**DATASET EXTRACT**
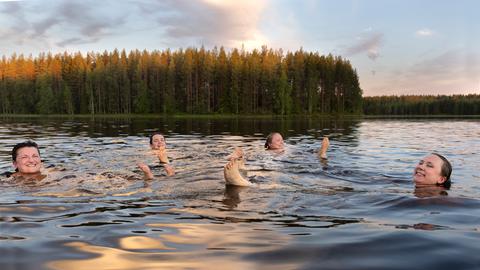Festivalbesucherinnen und -musikerinnen entspannen sich nach der Sauna im See Ontojärvi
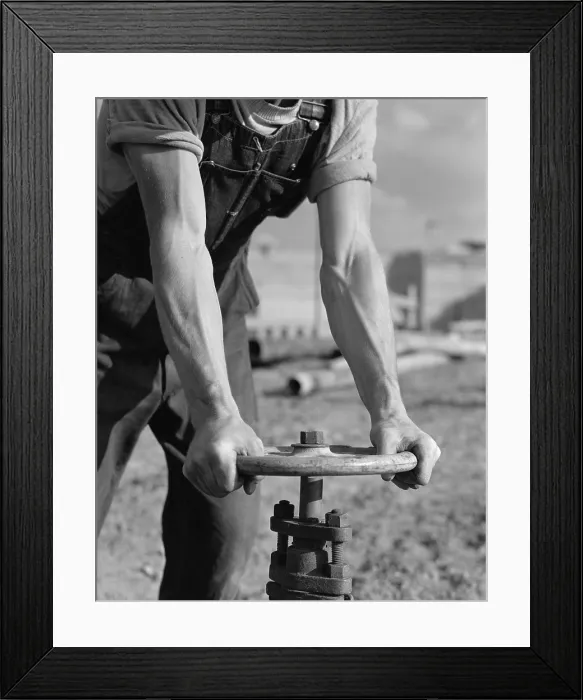 Framed Print : Workman opening valve on a new pipeline of Fort Loudoun Dam, one of the Tennessee Valley Authority public works projects of the New Deal. June 1942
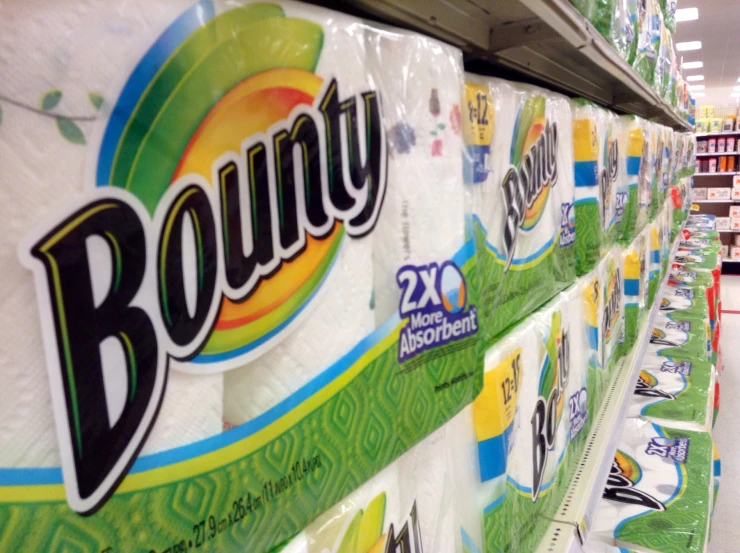 a row of bottled laundry detergents sitting on display at a store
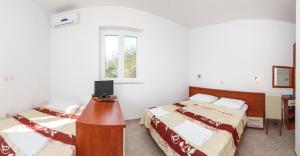 Postel nebo postele na pokoji v ubytování Apartments & Rooms Konoba Tomić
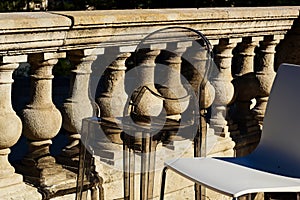 High bar chairs in closeup view on open terrace wih old stone balustrade background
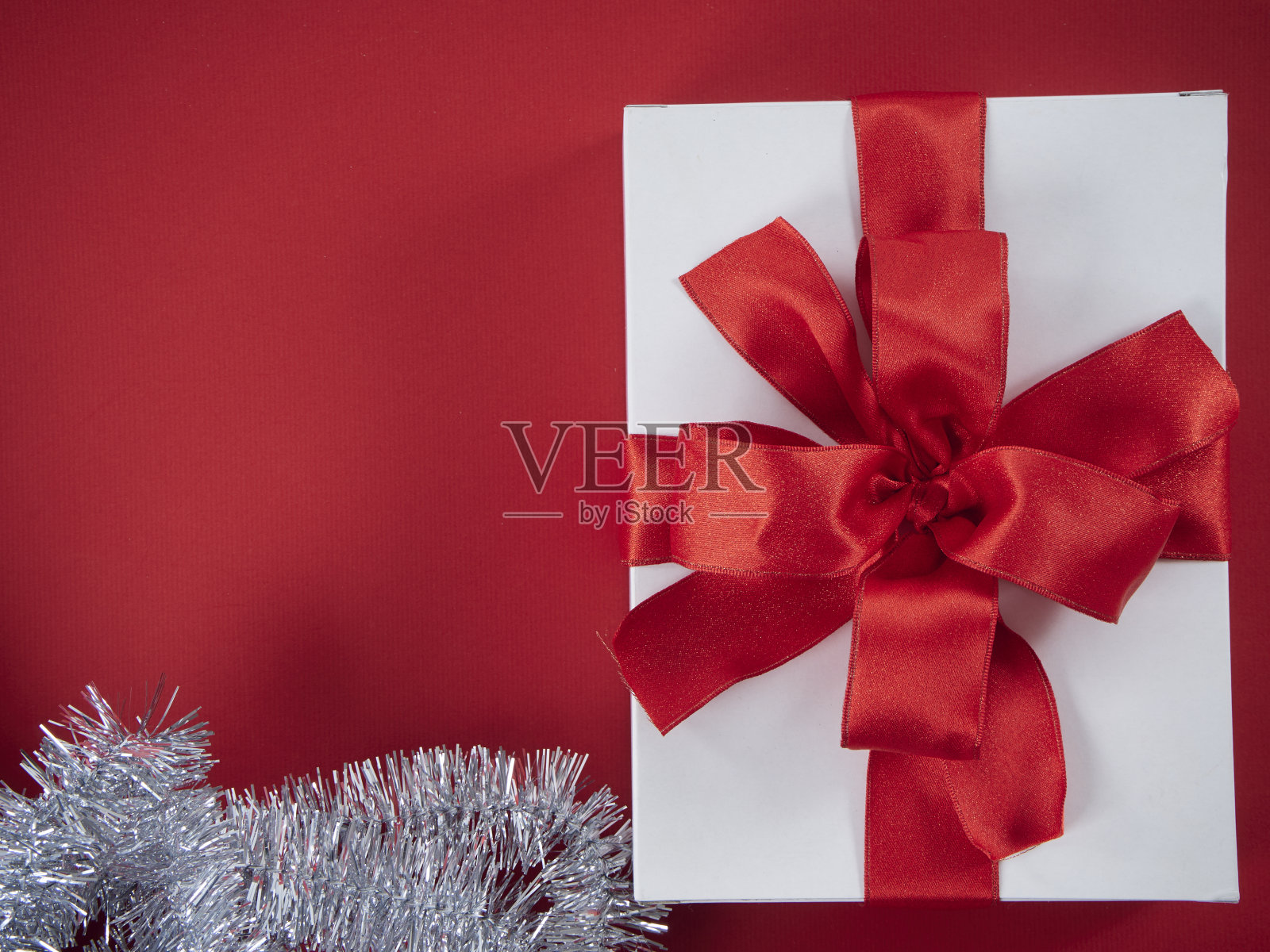 用圣诞贺卡和新年贺卡组成节日装饰。红色背景的礼品盒。照片摄影图片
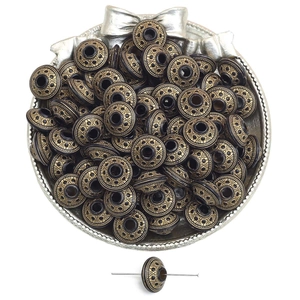 Detail of vintage gold acrylic spacer beads for DIY jewelry making in a silver tray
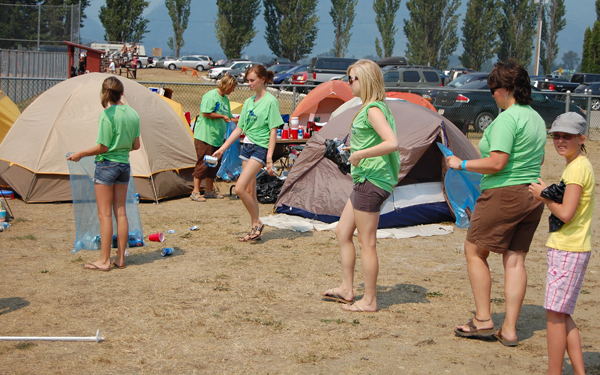 Cathy McKee (second from the right) oversees a cleanup crew at one of the campgrounds at Centennial Park. David F. Rooney photo 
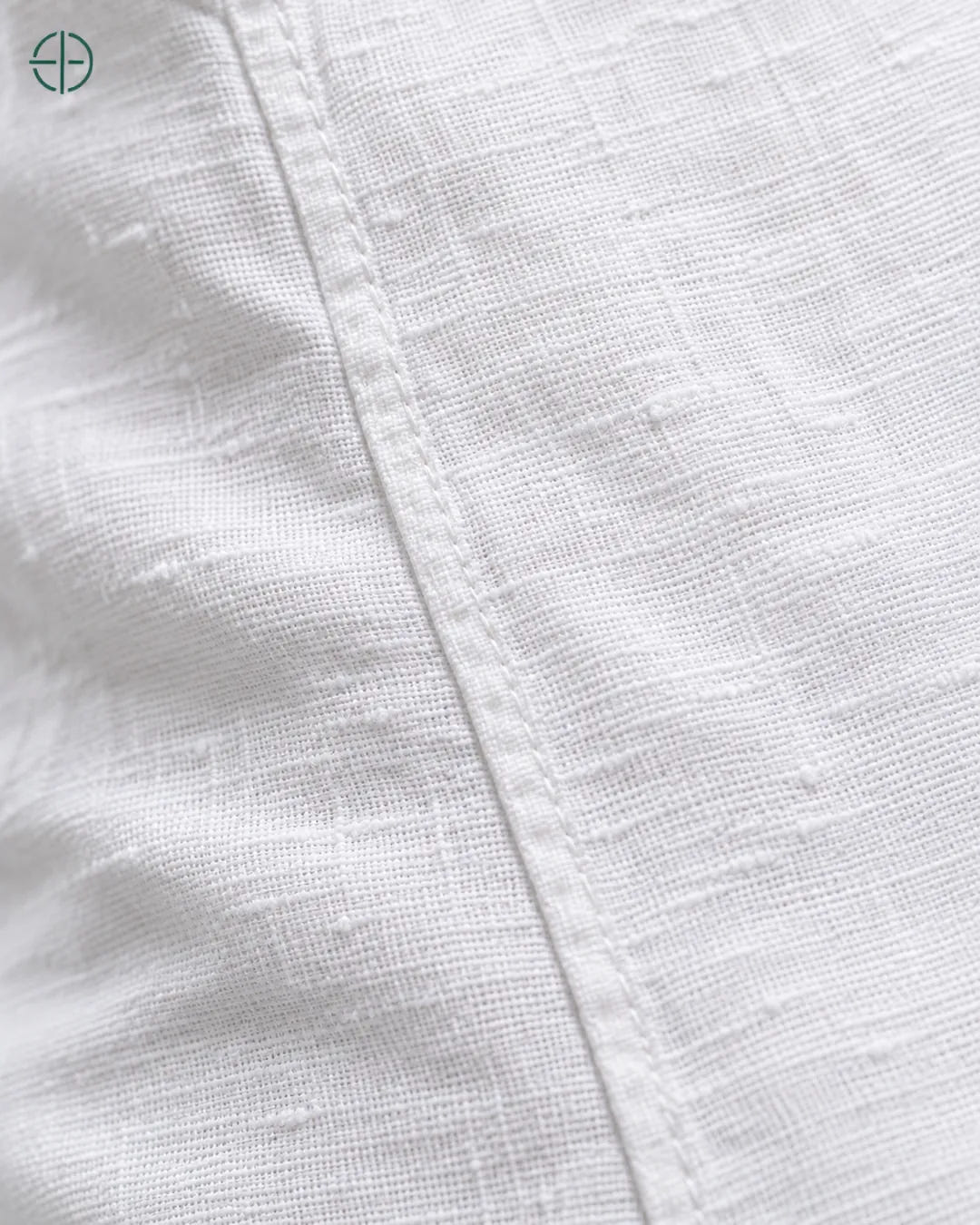 Camisa 100% Linho Belga Manga Curta, cor Branco, macro do produto no modelo, em estúdio profissional com fundo cinza ostra.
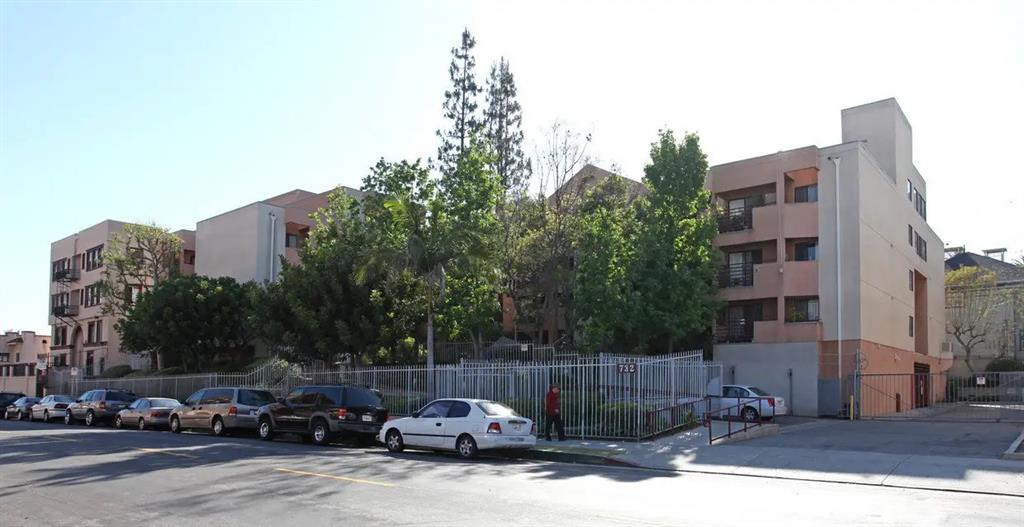 a view of street with parked cars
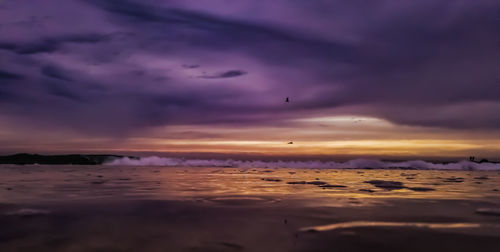Scenic view of sea against dramatic sky during sunset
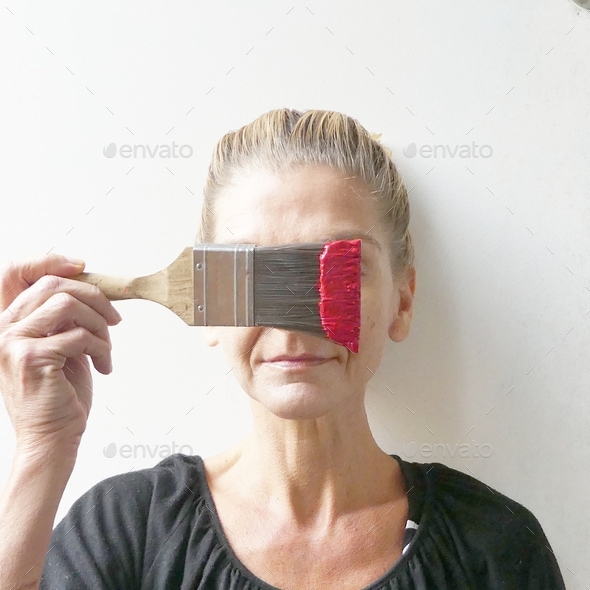 Woman holding paintbrush with red paint obscuring face indoors against white wall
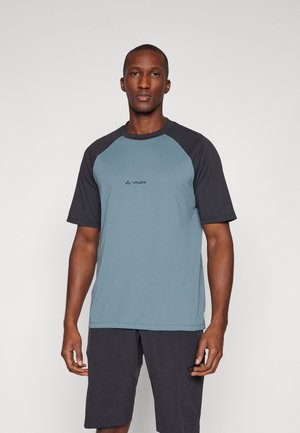 Man draagt een blauw-zwart shirt met korte mouwen en een zwarte korte broek, staand tegen een effen lichte achtergrond.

**EXERCISE PROMPT**
Your task is to return every entry exactly as it was written, with the pictures removed.

**RESULT OF THE TASK**
Festivalbesucherinnen und -musikerinnen entspannen sich nach der Sauna im See Ontojärvi
 Framed Print : Workman opening valve on a new pipeline of Fort Loudoun Dam, one of the Tennessee Valley Authority public works projects of the New Deal. June 1942
 a row of bottled laundry detergents sitting on display at a store
 Postel nebo postele na pokoji v ubytování Apartments & Rooms Konoba Tomić
 High bar chairs in closeup view on open terrace wih old stone balustrade background
 用圣诞贺卡和新年贺卡组成节日装饰。红色背景的礼品盒。照片摄影图片
 Detail of vintage gold acrylic spacer beads for DIY jewelry making in a silver tray
 Cathy McKee (second from the right) oversees a cleanup crew at one of the campgrounds at Centennial Park. David F. Rooney photo 
 Camisa 100% Linho Belga Manga Curta, cor Branco, macro do produto no modelo, em estúdio profissional com fundo cinza ostra.
 a view of street with parked cars
Scenic view of sea against dramatic sky during sunset
 Woman holding paintbrush with red paint obscuring face indoors against white wall
 Man draagt een blauw-zwart shirt met korte mouwen en een zwarte korte broek, staand tegen een effen lichte achtergrond.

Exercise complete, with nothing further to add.